Commit Graph

8 Commits

Author SHA1 Message Date
c6cb12981c feat(ml): replace NetworkX/Louvain with PyTorch Geometric GraphSAGE for fleet detection
Rewrite fleet.py to use a GNN-based approach: nodes are src_ip with ML feature
vectors, edges connect IPs sharing (JA4, ASN) pairs, GraphSAGE (2 SAGEConv
layers, in→64→32) produces 32D embeddings clustered by HDBSCAN. PyG NeighborLoader
activates for >50k nodes. Update thesis docs (§5.2, §6.4, §2, §8) to reflect
GraphSAGE architecture and PyG scalability.

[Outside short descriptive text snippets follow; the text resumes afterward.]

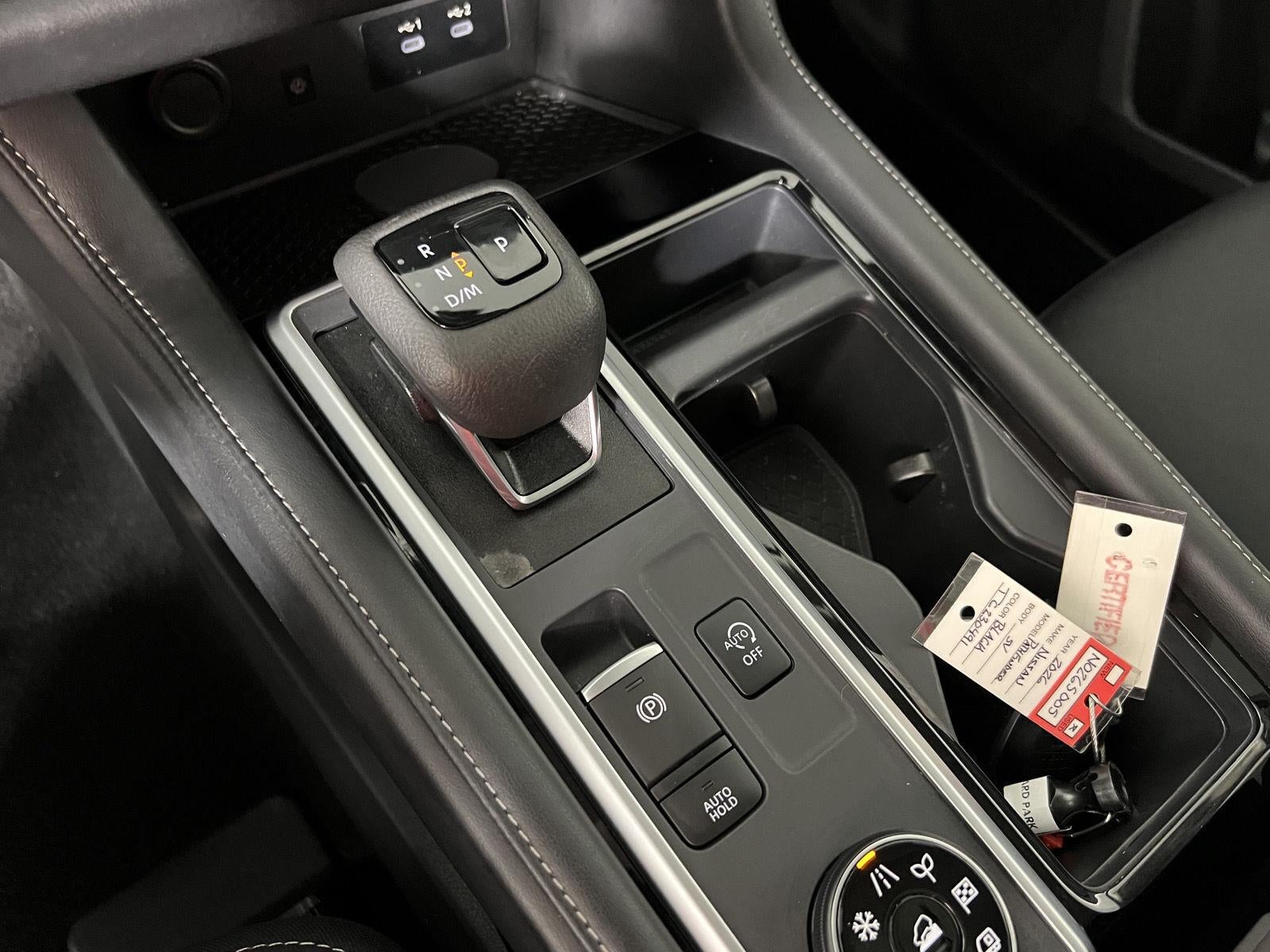 2026 Nissan Pathfinder SV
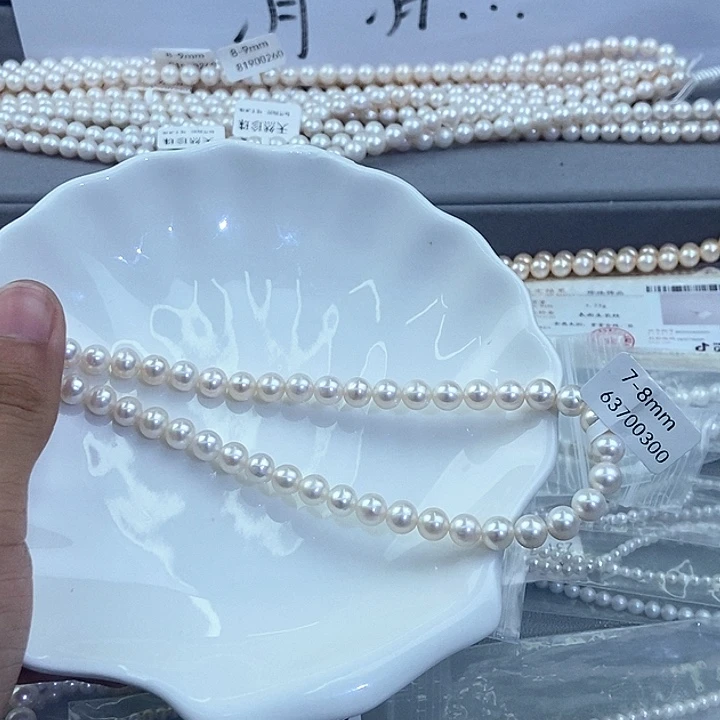 未镶嵌颈饰淡水珍珠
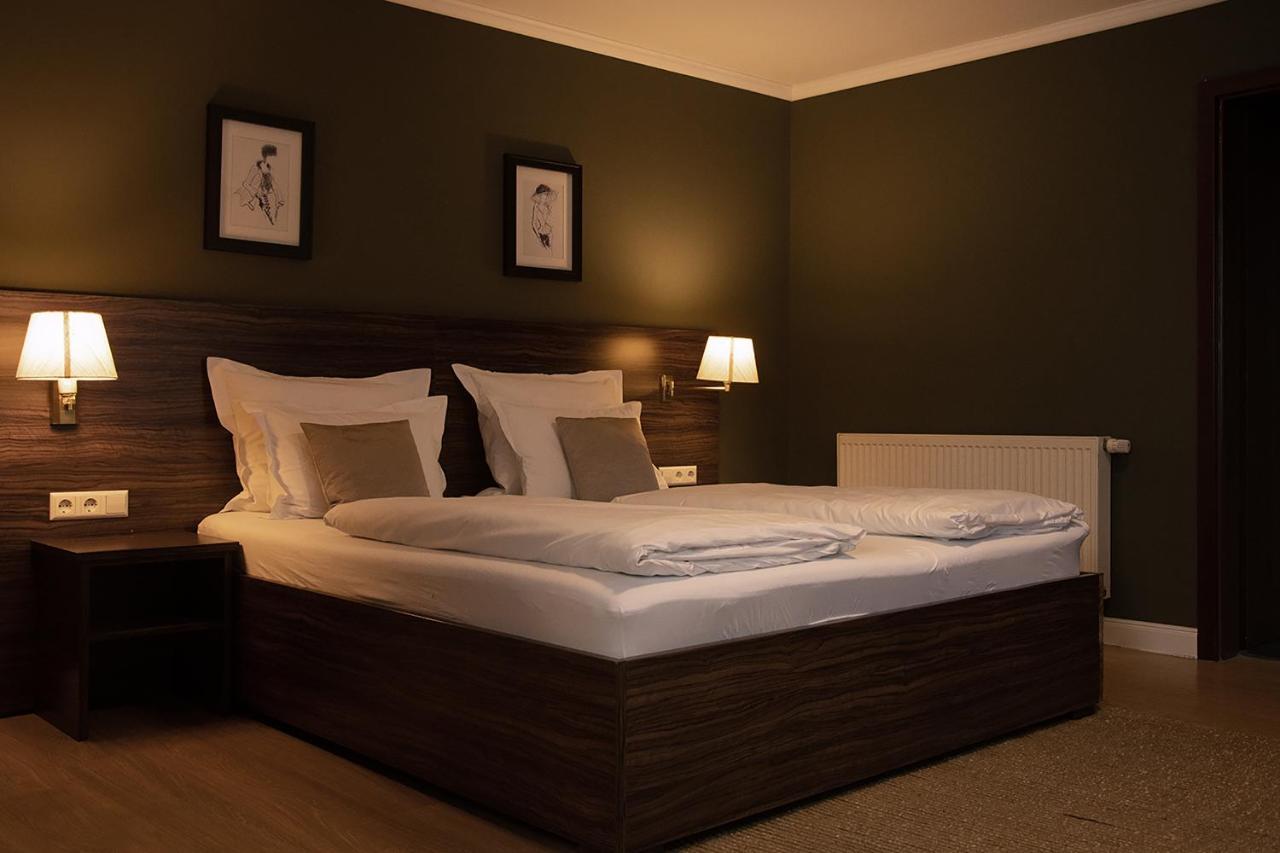 Landhotel Wolfschlugen Экстерьер фото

Co-Authored-By: Claude Opus 4.6 <noreply@anthropic.com>
2026-04-13 15:45:34 +02:00
c1821dcbc4 feat(ml): replace Autoencoder with RealNVP Normalizing Flow and add SessionTransformer embeddings
Replace TrafficAutoEncoder (MSE reconstruction scoring) with TrafficNormalizingFlow
(RealNVP via FrEIA, 4 affine coupling blocks, anomaly score = -log p(x)) for
mathematically rigorous density estimation. Add SessionTransformer module producing
32-dimensional sequence embeddings from raw HTTP request sequences (path, method,
timing) via a lightweight TransformerEncoder, replacing path_transition_entropy and
cadence_cv features. Update thesis documentation sections 2.4.2b and 3.8 accordingly.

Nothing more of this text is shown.